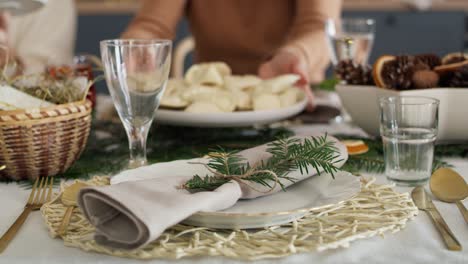 tradición de la navidad polaca <unk> plato vacío para un invitado no invitado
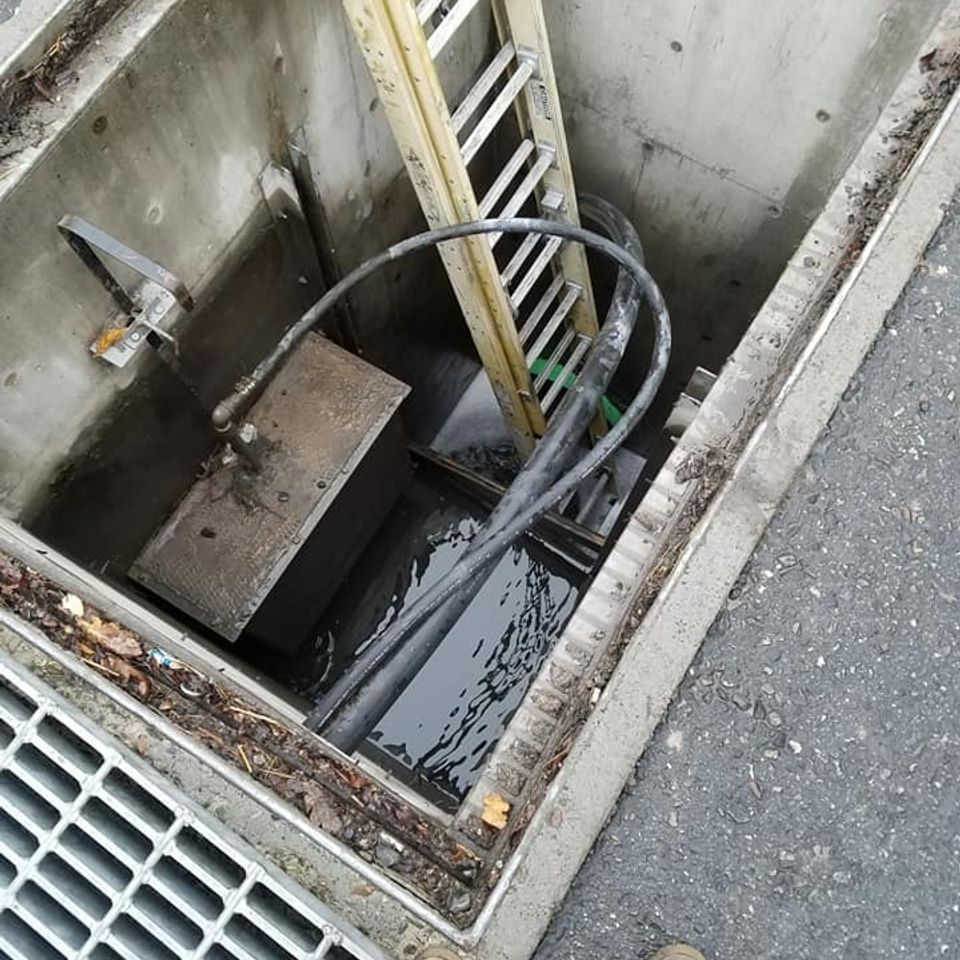 Unclog and clean out main sewer drain in twin falls  idaho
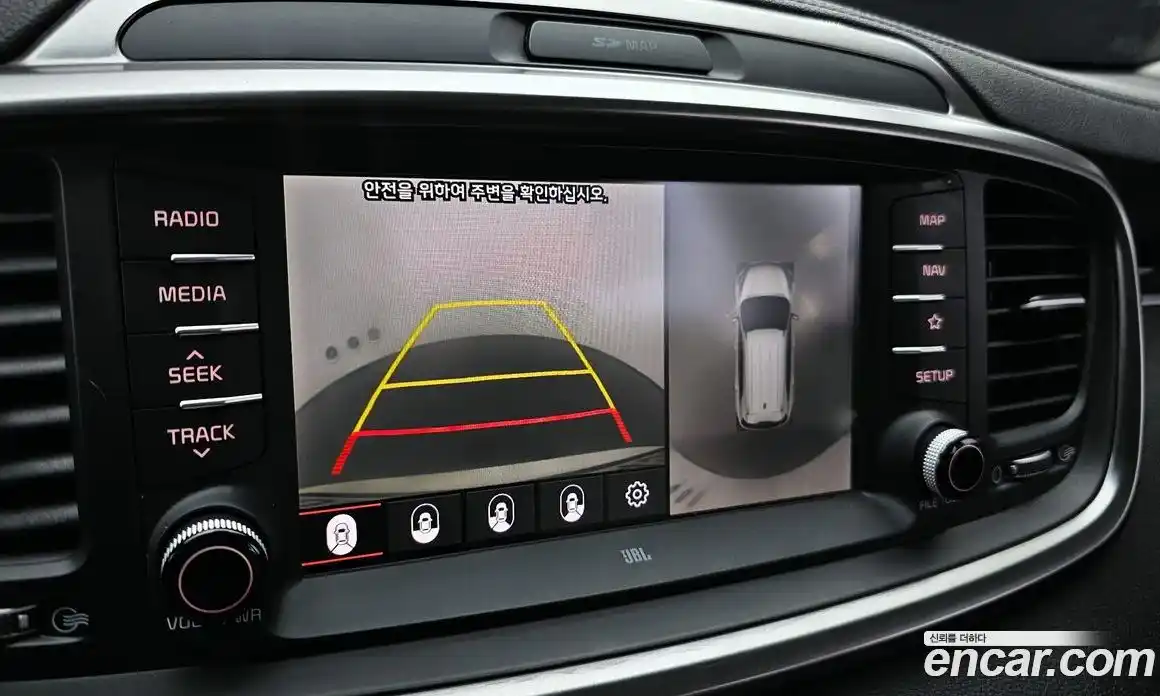 Kia Sorento 2018 2.0 Автомат в Москве № 96108, фото 13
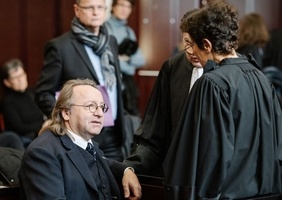 Affaires sensibles podcast sur  France Inter :  de faux sièges vendus au château de Versailles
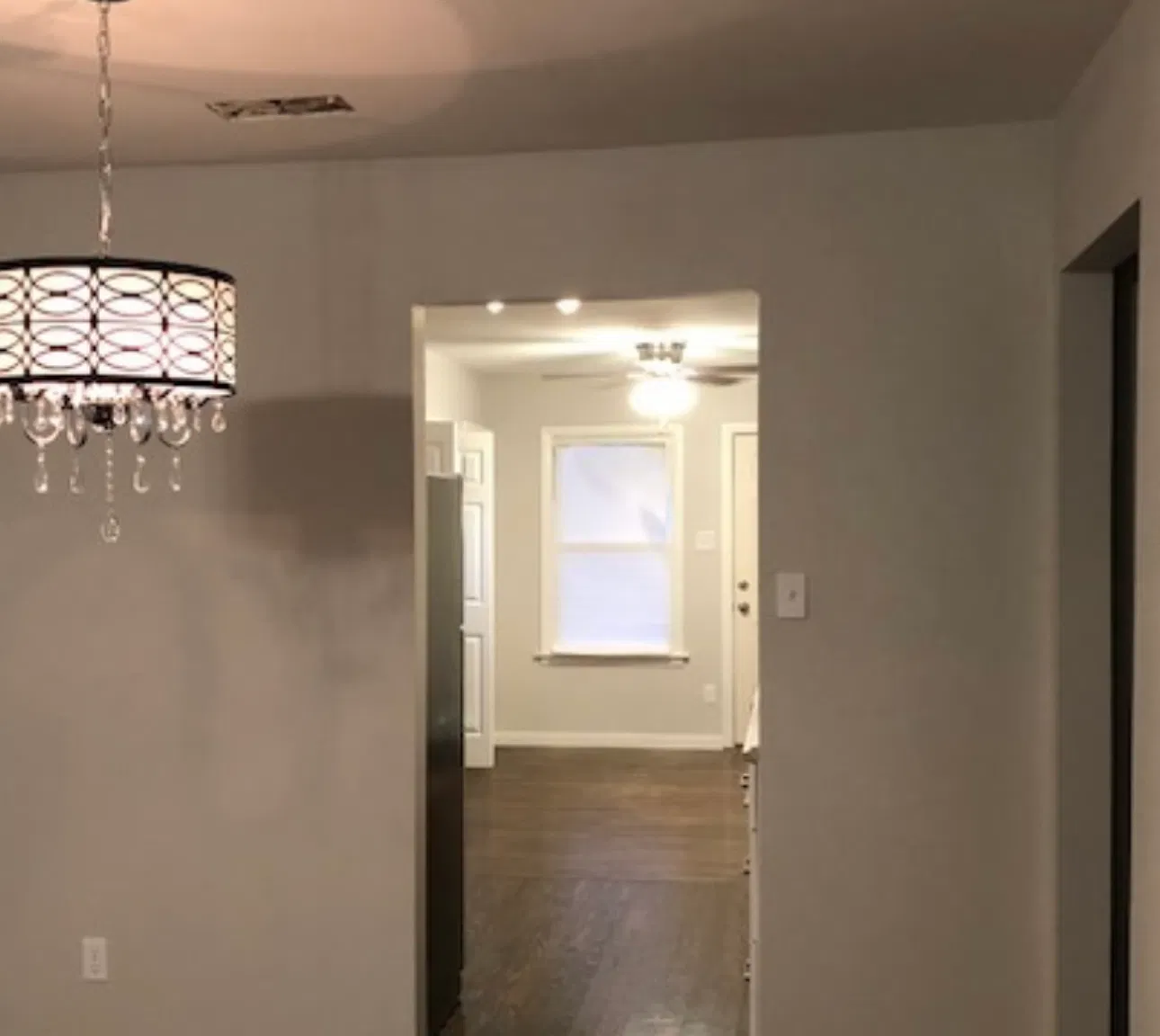 3 bed, 1028 sqft, $1,500 — Photo 2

ACTION ITEM: Give back the lines from the one containing "Affaires sensibles podcast" through the last line of the records above exactly as they appear, both included, and no pictures.

PROBLEM SOLUTION:
 Affaires sensibles podcast sur  France Inter :  de faux sièges vendus au château de Versailles
 3 bed, 1028 sqft, $1,500 — Photo 2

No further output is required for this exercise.